**WORK TO BE COMPLETED:** Your reply should repeat all records verbatim and contain no images.

**DATA FOR ANALYSIS:**
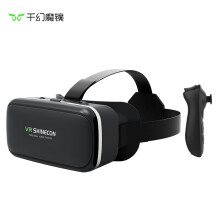 千幻魔镜G04vr眼镜手机VR头戴影院智能眼镜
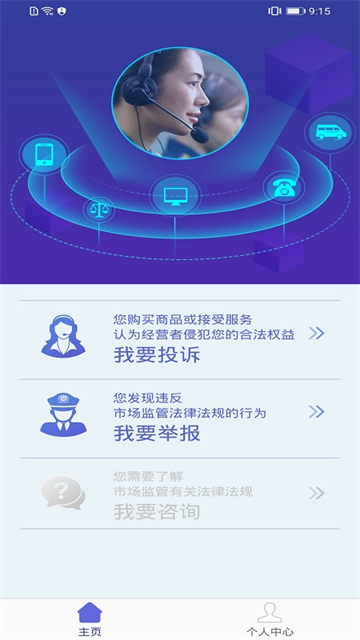 全国12315平台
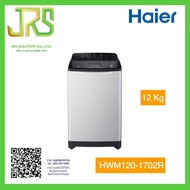 เครื่องซักผ้าฝาบน HAIER HWM120-1702R 12.0KG (1ชิ้นต่อ1คำสั่งซื้อ)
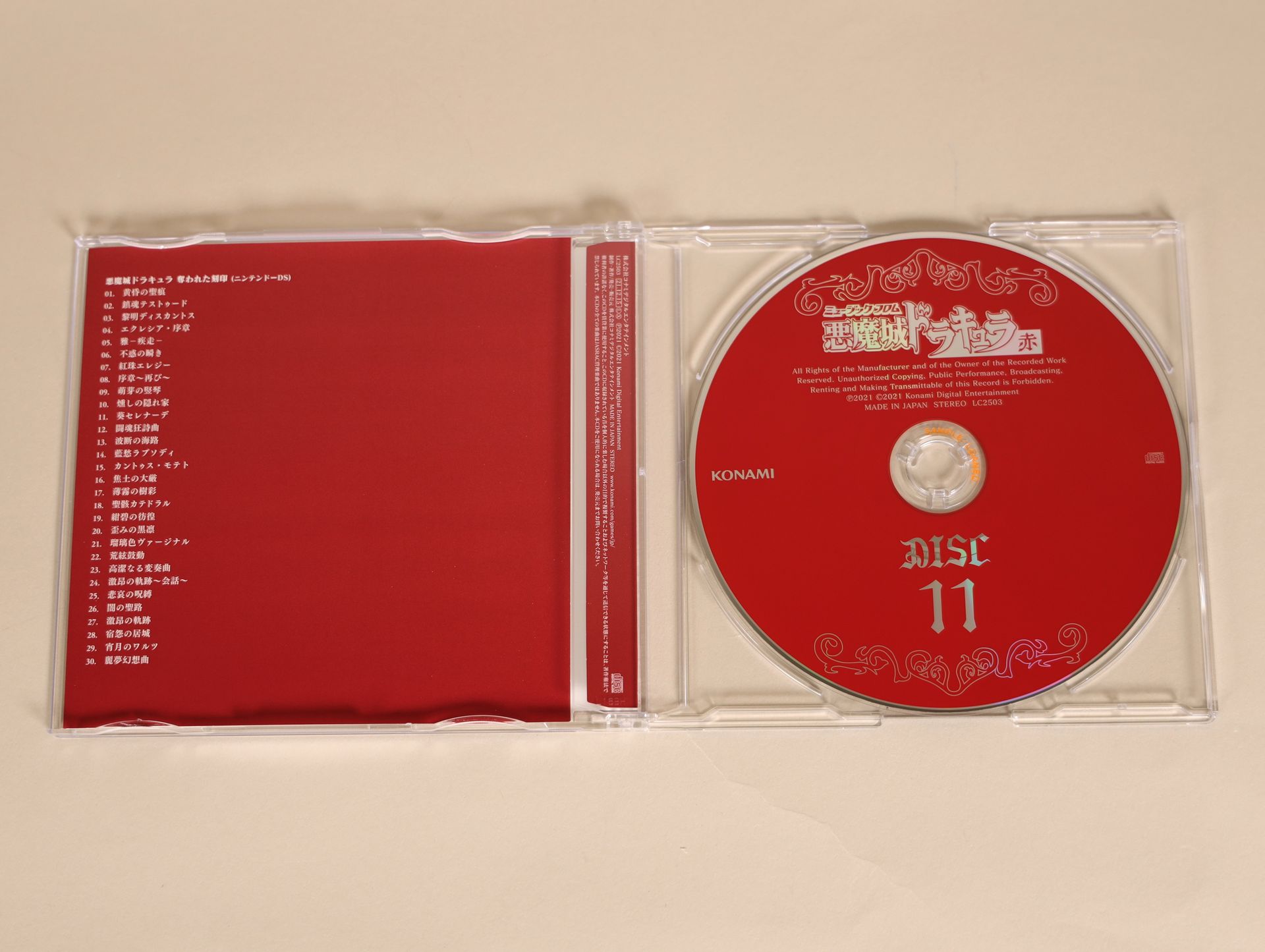 DISC11と12。DISC11トラック27の「激昂の軌跡」が拍子が変わっていく面白い展開になっており、聴きごたえがある。DISC12トラック18の「RIDDLE」は「悪魔城伝説」の同曲を本作用に編曲されているが、ファミコン版の風味を残しつつもオシャレな素敵アレンジに仕上がっている。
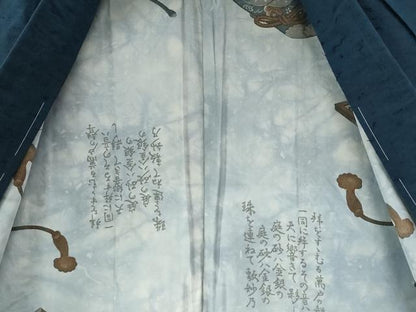 平和屋着物●男性　紬　髭紬羽織セット　色無地　濃藍色　証紙付き　正絹　逸品　未使用　CAAW7465yc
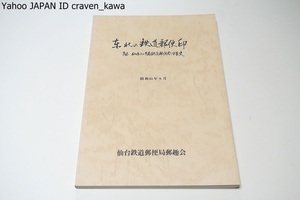  Tohoku. железная дорога mail печать *. сэндай и Aomori железная дорога почта . кожа история / сэндай железная дорога почта .../ mail проект . главный .. металлический .. пара следы * будущее. один слой. departure выставка ... делать регистрация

**TASK SOLUTION:**
 千幻魔镜G04vr眼镜手机VR头戴影院智能眼镜
 全国12315平台
 เครื่องซักผ้าฝาบน HAIER HWM120-1702R 12.0KG (1ชิ้นต่อ1คำสั่งซื้อ)
 DISC11と12。DISC11トラック27の「激昂の軌跡」が拍子が変わっていく面白い展開になっており、聴きごたえがある。DISC12トラック18の「RIDDLE」は「悪魔城伝説」の同曲を本作用に編曲されているが、ファミコン版の風味を残しつつもオシャレな素敵アレンジに仕上がっている。
 平和屋着物●男性　紬　髭紬羽織セット　色無地　濃藍色　証紙付き　正絹　逸品　未使用　CAAW7465yc
  Tohoku. железная дорога mail печать *. сэндай и Aomori железная дорога почта . кожа история / сэндай железная дорога почта .../ mail проект . главный .. металлический .. пара следы * будущее. один слой. departure выставка ... делать регистрация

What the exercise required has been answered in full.